**What the exercise asks:** Pictures stay out of the output. Return exactly the lines below from the one with "Saint Laurent YSL" down to the one with "JIAMEISI Clip in", both included, and nothing more.

**Provided entries:**
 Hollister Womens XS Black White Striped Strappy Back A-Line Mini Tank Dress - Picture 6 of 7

---

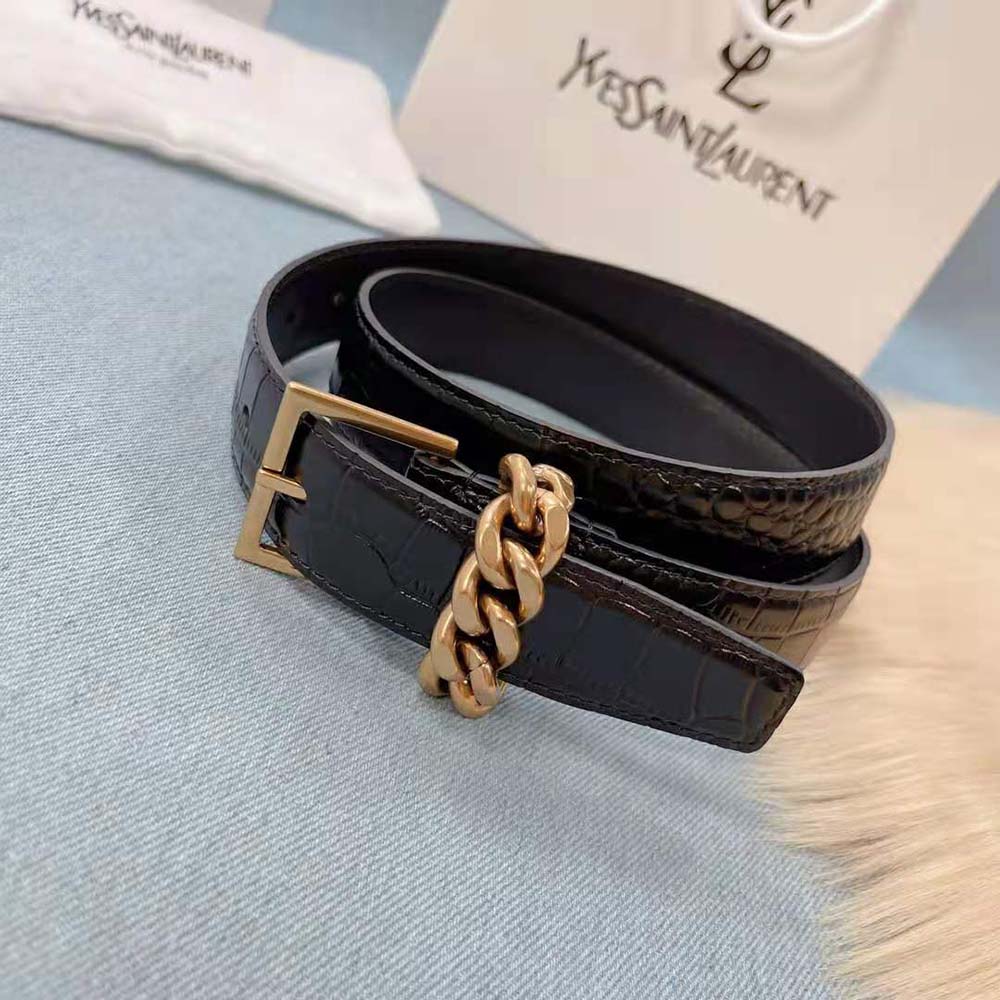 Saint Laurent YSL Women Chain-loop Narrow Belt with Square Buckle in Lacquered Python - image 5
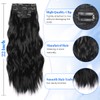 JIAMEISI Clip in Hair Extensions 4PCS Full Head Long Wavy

--

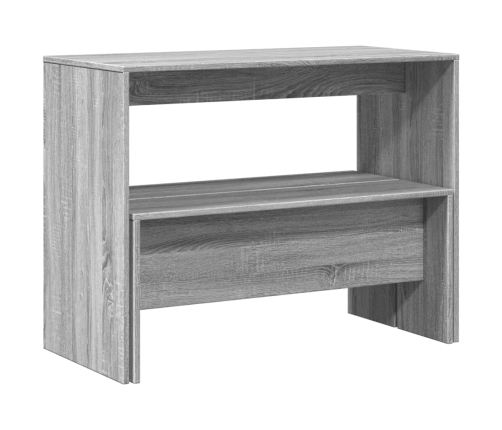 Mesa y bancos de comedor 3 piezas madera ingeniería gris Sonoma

**Result:**
 Saint Laurent YSL Women Chain-loop Narrow Belt with Square Buckle in Lacquered Python - image 5
 JIAMEISI Clip in Hair Extensions 4PCS Full Head Long Wavy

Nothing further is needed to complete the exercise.